主要采集栏目搜索出自己想要的文档,然后进行采集下载本地中。

以下是完整代码,在使用代码请安装好对应的包,如果是pycharm 在设置 和 控制台终端 都可以安装。需要注意的是 自己需要替换 headers 内容。

我使用的环境是:

Windows 11 64位教育版

Pycharm 2023.2.3版本

python 3.6.8 

# encoding:utf-8

import json

import random

import time

import requests

from bs4 import BeautifulSoup

import csv

import os

import urllib.parse

"""

1、excel格式,只要标题加 HTML阅读连接

2、把内容写入到WORD或者直接下载PDF

要求:全文设置关键字新农人,爬取标题、文章链接 。就这2个内容

"""

headers = {

'Accept': 'text/html,application/xhtml+xml,application/xml;q=0.9,image/avif,image/webp,image/apng,*/*;q=0.8,application/signed-exchange;v=b3;q=0.7',

'Accept-Language': 'zh,zh-CN;q=0.9',

'Cache-Control': 'max-age=0',

'Connection': 'keep-alive',

'Cookie':"请替换自己的COOKIE",

'Referer': 'https://navi.cnki.net/',

'Sec-Fetch-Dest': 'document',

'Sec-Fetch-Mode': 'navigate',

'Sec-Fetch-Site': 'same-site',

'Sec-Fetch-User': '?1',

'Upgrade-Insecure-Requests': '1',

'User-Agent': 'Mozilla/5.0 (Windows NT 10.0; Win64; x64) AppleWebKit/537.36 (KHTML, like Gecko) Chrome/119.0.0.0 Safari/537.36',

'sec-ch-ua': '"Google Chrome";v="119", "Chromium";v="119", "Not?A_Brand";v="24"',

'sec-ch-ua-mobile': '?0',

'sec-ch-ua-platform': '"Windows"',

}

def get_index(page,baseId,key_words):

form_data = {

'pcode': 'CCND',

'baseId': baseId,

'where': '%28QW%25%27%7B0%7D%27%29',

# 'where': '%28QW%25%27%7B0%7D%27%29',

'searchText': key_words,

'condition': '',

'orderby': 'FFD',

'ordertype': 'DESC',

'scope': '',

'pageIndex': page,

'pageSize': '20',

'searchType': '全文',

}

headers = {

'Accept': '*/*',

# 'Accept-Encoding': 'gzip, deflate, br',

'Accept-Language': 'zh-CN,zh;q=0.9,en;q=0.8,en-GB;q=0.7,en-US;q=0.6',

'Connection': 'keep-alive',

'Content-Length': '223',

'Content-Type': 'application/x-www-form-urlencoded; charset=UTF-8',

'Cookie': "请替换自己的COOKIE",

'Host': 'navi.cnki.net',

'Origin': 'https://navi.cnki.net',

'Referer': 'https://navi.cnki.net/knavi/newspapers/NMRB/detail?uniplatform=NZKPT',

'Sec-Ch-Ua': '"Microsoft Edge";v="119", "Chromium";v="119", "Not?A_Brand";v="24"',

'Sec-Ch-Ua-Mobile': '?0',

'Sec-Ch-Ua-Platform': '"Windows"',

'Sec-Fetch-Dest': 'empty',

'Sec-Fetch-Mode': 'cors',

'Sec-Fetch-Site': 'same-origin',

'User-Agent': 'Mozilla/5.0 (Windows NT 10.0; Win64; x64) AppleWebKit/537.36 (KHTML, like Gecko) Chrome/119.0.0.0 Safari/537.36 Edg/119.0.0.0',

'X-Requested-With': 'XMLHttpRequest',

}

url = 'https://navi.cnki.net/knavi/newspapers/search/results'

response = requests.post(url, headers=headers, data=form_data)

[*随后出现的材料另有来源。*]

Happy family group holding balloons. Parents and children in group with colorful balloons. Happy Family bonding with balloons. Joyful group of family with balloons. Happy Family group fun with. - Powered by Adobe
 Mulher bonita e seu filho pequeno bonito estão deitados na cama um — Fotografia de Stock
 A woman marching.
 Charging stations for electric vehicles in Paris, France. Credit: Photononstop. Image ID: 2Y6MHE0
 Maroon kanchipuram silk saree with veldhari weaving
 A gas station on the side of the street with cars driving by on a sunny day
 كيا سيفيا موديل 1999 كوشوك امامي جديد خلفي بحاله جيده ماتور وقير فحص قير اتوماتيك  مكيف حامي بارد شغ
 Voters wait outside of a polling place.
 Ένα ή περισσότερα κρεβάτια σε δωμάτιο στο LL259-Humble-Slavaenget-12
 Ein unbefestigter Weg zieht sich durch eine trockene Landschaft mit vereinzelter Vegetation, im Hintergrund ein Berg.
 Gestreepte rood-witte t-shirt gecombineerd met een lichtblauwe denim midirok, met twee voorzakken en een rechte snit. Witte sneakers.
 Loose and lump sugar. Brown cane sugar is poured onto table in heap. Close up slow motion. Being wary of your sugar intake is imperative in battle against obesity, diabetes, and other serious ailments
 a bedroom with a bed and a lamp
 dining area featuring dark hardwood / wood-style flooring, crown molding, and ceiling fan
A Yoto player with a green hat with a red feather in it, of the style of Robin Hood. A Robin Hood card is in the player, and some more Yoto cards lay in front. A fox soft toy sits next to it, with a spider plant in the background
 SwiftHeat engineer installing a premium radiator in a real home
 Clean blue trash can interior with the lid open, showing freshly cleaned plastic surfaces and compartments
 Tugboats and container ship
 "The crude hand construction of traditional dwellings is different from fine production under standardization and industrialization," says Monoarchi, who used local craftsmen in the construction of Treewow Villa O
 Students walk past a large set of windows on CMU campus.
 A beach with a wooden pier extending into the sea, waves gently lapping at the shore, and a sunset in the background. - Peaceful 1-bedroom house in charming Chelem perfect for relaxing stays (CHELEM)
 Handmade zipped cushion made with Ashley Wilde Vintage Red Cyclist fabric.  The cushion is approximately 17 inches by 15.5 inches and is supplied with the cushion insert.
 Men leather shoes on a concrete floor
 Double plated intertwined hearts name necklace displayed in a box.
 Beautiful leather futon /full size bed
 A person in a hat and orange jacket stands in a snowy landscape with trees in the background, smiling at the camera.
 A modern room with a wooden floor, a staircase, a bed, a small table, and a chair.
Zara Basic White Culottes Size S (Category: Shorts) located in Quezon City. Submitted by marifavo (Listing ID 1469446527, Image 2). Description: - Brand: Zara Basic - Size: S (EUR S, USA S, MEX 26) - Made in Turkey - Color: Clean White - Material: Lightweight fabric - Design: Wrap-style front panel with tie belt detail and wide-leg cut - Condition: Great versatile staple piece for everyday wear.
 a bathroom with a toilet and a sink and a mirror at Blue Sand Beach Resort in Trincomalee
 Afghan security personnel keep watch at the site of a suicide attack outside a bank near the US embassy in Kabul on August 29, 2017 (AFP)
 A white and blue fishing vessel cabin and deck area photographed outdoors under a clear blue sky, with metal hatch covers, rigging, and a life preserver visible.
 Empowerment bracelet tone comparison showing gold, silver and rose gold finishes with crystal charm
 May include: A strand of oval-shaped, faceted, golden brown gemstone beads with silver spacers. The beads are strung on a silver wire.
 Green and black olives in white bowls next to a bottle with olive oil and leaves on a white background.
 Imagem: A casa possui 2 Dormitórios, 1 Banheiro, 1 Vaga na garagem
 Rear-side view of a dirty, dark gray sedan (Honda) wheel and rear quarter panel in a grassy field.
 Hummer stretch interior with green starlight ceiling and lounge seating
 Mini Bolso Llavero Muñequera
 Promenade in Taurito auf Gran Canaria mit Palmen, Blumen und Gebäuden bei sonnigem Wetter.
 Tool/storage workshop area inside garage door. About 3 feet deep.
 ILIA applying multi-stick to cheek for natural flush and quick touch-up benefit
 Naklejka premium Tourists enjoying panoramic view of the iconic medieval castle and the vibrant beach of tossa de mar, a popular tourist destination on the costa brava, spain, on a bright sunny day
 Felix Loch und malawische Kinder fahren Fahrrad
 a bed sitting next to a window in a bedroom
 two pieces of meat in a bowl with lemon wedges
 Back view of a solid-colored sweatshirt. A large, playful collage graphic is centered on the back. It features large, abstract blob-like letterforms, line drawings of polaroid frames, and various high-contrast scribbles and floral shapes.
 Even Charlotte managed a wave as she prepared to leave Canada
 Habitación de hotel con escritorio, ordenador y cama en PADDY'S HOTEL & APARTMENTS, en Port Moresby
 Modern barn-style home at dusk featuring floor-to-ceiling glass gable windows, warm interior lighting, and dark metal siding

html = BeautifulSoup(response.content, 'lxml')

for tag in html(['thead']):

tag.extract()

try:

content = html.find_all('table', class_="tableStyle")[0]

except:

print('采集完成!')

else:

content_tr = content.find_all('tr')

for ct in content_tr:

td = ct.find('td', class_="name")

try:

href = td.find('a')['href']

except:

href = ''

try:

name = td.find('a').text

except:

name = ''

try:

releaseDate = ct.find_all('td', align="center")

releaseDate = [rd.text for rd in releaseDate if '-' in str(rd.text)][0]

except:

releaseDate = ""

data = [name, releaseDate, href]

saveCsv(baseIds, data)

get_download_urls(href)

try:

pageCount = html.find('input', id="pageCount")['value']

except:

print('爬取完成!!!')

else:

page += 1

print(f'正在爬取{page + 1}页')

t = random.randint(1, 2)

print(f'休息 {t} 秒后继续爬取')

time.sleep(t)

get_index(page,baseIds)

def saveCsv(filename, content):

"保存数据为CSV文件 list 写入"

fp = open(f'{filename}.csv', 'a+', newline='', encoding='utf-8-sig')

csv_fp = csv.writer(fp)

csv_fp.writerow(content)

fp.close()

print(f'正在写入:{content}')

def get_download_urls(url):

response = requests.get(url, headers=headers)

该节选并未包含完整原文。